Total training pairs generated: 17827246


#### 3. Building skip-gram model

Architecture Overview:

- Input: One-hot vector of size equal to the vocabulary size.

- Hidden Layer: Produces the embedding vector (size embedding_dim).

- Output: Softmax over the vocabulary size to predict the context word.


In [23]:
"""
Embedding Layer: Converts input words (as indices) to vectors of size embedding_dim. These vectors represent the word embeddings that will be learned.
Linear Layer: Maps the embedding vector to a vector of size vocab_size. This represents the probabilities of each word in the vocabulary being a context word.
Forward Pass: The forward method defines how input passes through the layer
"""


class SkipGramModel(nn.Module):
    def __init__(self, vocab_size, embedding_dim):
        super(SkipGramModel, self).__init__()
        # Embedding layer for input (target words)
        self.input_embeddings = nn.Embedding(vocab_size, embedding_dim)
        # Embedding layer for output (context words)
        self.output_embeddings = nn.Embedding(vocab_size, embedding_dim)

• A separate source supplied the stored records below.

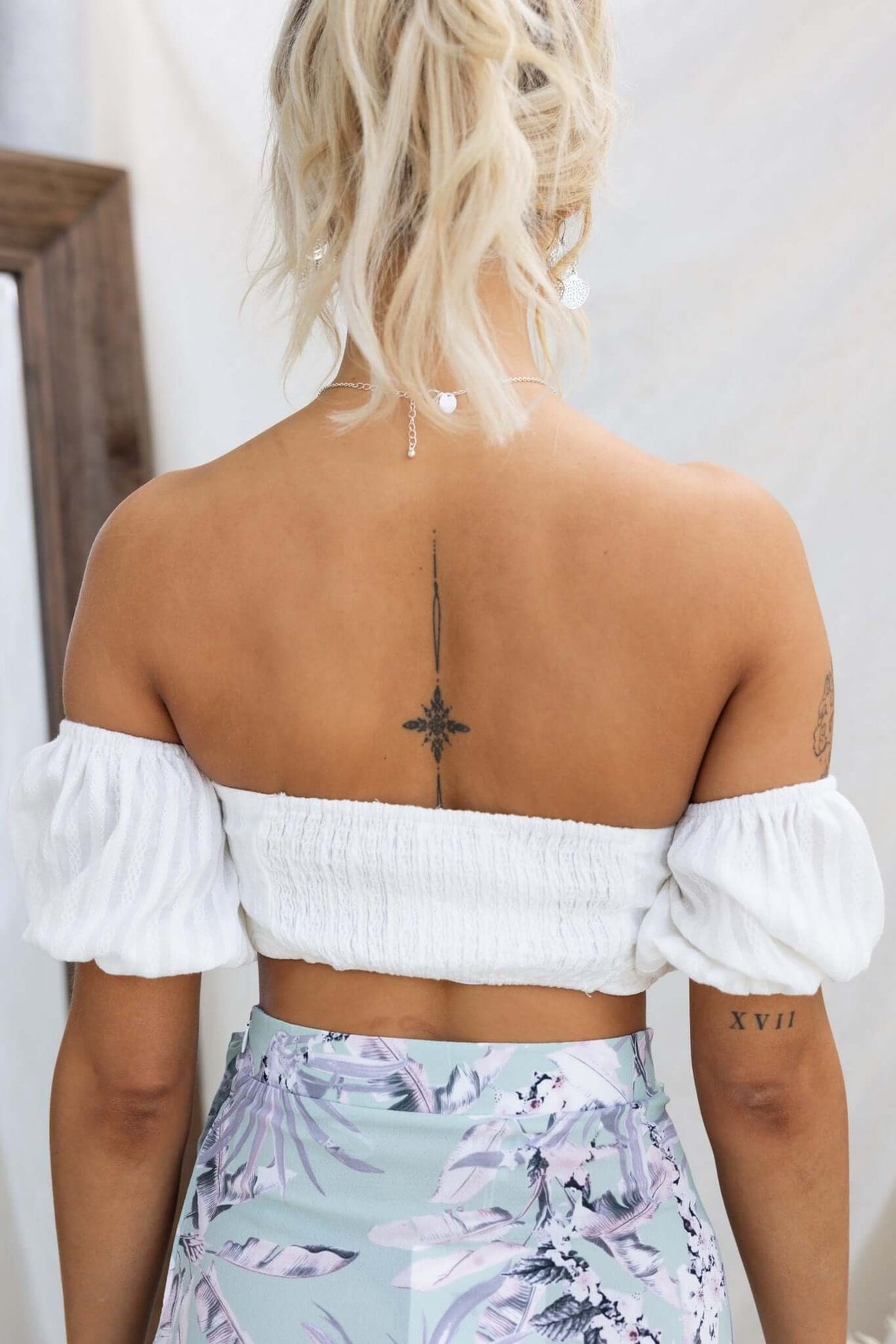 Woman wearing Giulia Top, showing back with off-shoulder elastic cuffs and patterned skirt.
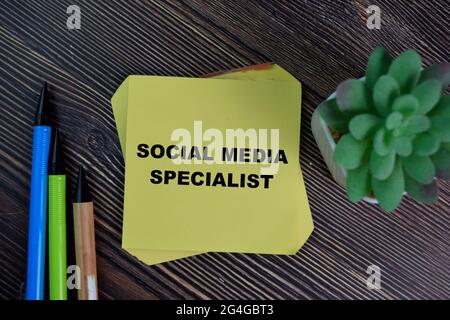 Le spécialiste des médias sociaux écrit sur des notes adhésives isolées sur une table en bois. Banque D'Images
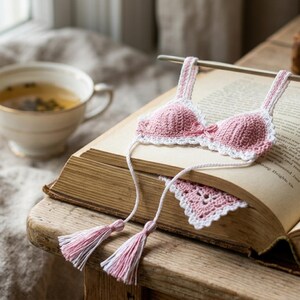 May include: A crochet bookmark shaped like a miniature pink and white bikini top with thin straps and two long white strings ending in pink and white tassels. The piece is resting on the open pages of a vintage book with visible printed text.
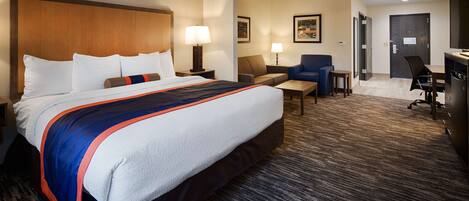 A hotel room with a large bed, a desk, a chair, a sofa, and a desk lamp.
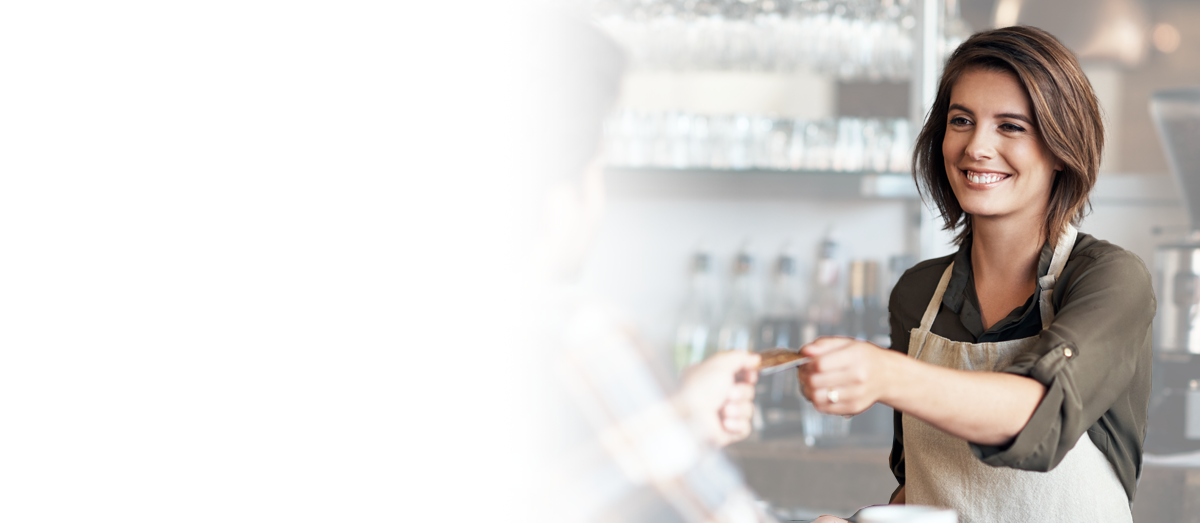 Woman accepting a credit payment at a business that uses the internet to process credit card payments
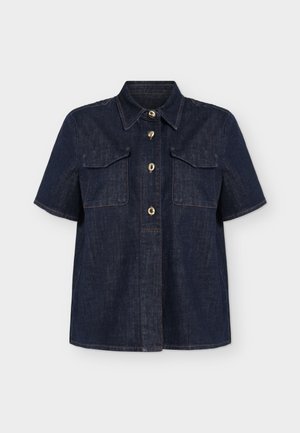 Femme aux cheveux blonds courts portant une chemise sombre à manches courtes, un pantalon beige ample, des chaussures noires et tenant un sac à main noir sur fond blanc.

    def forward(self, input_word, context_word):
        # Get embeddings for input and context words
        input_embedding = self.input_embeddings(input_word)
        context_embedding = self.output_embeddings(context_word)

        # Return dot product between input and context embeddings
        return torch.sum(input_embedding * context_embedding, dim=1)

In [24]:
def negative_sampling_loss(model, input_word, context_word, negative_samples, device):
    """
    Compute the Negative Sampling loss.
    Args:
    - model: SkipGramModel instance.
    - input_word: Tensor of input word indices.
    - context_word: Tensor of positive context word indices.
    - negative_samples: Tensor of negative word indices.
    - device: Device (CPU/GPU) for computation.
    """
    # Positive samples: calculate log(sigmoid(dot product))
    pos_score = model(input_word, context_word)  # Dot product of input and context embeddings
    pos_loss = -torch.log(torch.sigmoid(pos_score))

    # Negative samples: calculate log(sigmoid(-dot product))
    neg_score = model(input_word.unsqueeze(1), negative_samples)  # Shape: (batch_size, num_neg_samples)
    neg_loss = -torch.log(torch.sigmoid(-neg_score)).sum(1)  # Sum over negative samples

    # Total loss is the sum of positive and negative losses
    total_loss = (pos_loss + neg_loss).mean()

    return total_loss


#### 4. Training the model

- Input preparation: Convert the training pairs (input word, context word) into tensors.
- Forward pass: For each input word, predict the probability distribution over the context words.
- Loss calculation: Use cross-entropy loss to measure how far the predicted probabilities are from the true context word.
- Backpropagation: Compute gradients and update model weights using an optimizer.
- Repeat for several epochs: Go through the entire dataset multiple times to improve the model.


In [25]:
class SkipGramDataset(Dataset):
    def __init__(self, training_pairs):
        self.training_pairs = training_pairs

    def __len__(self):
        return len(self.training_pairs)

    def __getitem__(self, idx):
        input_word, context_word = self.training_pairs[idx]
        return torch.tensor(input_word), torch.tensor(context_word)

In [26]:
# Training parameters
num_epochs = 5
embedding_dim = 200
learning_rate = 0.1
batch_size = 1024

# k: negative sampling 
k = 5
vocab_size = len(preprocessor.vocab)

# Initialize the model, loss function, and optimizer
model = SkipGramModel(vocab_size, embedding_dim)
device = torch.device("cuda" if torch.cuda.is_available() else "cpu")
print(f"Using device: {device}")
model.to(device)

Using device: cuda


SkipGramModel(
  (input_embeddings): Embedding(67428, 200)
  (output_embeddings): Embedding(67428, 200)
)

In [28]:
# optimizer = optim.SGD(model.parameters(), lr=learning_rate)
optimizer = torch.optim.Adam(model.parameters(), lr=learning_rate)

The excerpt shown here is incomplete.